§ **Stored entries**:
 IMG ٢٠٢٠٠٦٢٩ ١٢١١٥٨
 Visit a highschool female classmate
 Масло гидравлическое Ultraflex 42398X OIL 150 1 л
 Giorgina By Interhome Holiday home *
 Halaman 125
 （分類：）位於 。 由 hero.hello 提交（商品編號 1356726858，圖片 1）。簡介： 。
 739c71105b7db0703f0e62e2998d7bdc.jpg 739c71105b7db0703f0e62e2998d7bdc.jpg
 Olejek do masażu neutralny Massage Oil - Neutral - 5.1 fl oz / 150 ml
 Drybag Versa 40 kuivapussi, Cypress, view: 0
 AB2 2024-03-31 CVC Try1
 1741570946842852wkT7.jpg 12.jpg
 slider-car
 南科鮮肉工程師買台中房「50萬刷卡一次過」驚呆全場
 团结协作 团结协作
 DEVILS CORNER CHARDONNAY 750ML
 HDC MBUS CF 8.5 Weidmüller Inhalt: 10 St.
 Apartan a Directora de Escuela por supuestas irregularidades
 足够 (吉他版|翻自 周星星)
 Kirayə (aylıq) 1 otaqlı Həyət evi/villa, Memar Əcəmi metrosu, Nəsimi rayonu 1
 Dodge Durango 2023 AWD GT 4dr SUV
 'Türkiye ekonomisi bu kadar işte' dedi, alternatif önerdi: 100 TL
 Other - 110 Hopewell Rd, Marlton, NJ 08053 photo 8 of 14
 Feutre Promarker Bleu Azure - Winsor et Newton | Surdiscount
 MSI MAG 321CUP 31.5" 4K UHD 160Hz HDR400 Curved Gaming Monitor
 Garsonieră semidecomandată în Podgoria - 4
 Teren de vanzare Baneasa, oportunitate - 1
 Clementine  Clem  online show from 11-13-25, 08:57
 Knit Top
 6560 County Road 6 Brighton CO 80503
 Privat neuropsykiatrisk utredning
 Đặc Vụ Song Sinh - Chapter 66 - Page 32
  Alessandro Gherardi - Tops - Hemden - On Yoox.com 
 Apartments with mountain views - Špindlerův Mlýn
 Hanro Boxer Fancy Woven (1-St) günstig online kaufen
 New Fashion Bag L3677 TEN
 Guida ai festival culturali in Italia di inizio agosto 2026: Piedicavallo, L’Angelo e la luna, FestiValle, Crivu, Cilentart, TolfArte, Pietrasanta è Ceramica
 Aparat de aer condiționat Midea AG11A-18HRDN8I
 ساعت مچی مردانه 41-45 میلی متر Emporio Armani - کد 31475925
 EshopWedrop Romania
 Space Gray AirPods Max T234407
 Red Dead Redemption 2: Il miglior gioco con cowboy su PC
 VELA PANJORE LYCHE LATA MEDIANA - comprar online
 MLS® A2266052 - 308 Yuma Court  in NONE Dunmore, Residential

§ **Problem details**: Within the data, tally each line containing the string "online". Answer with the number by itself.

§ **Reply**: 3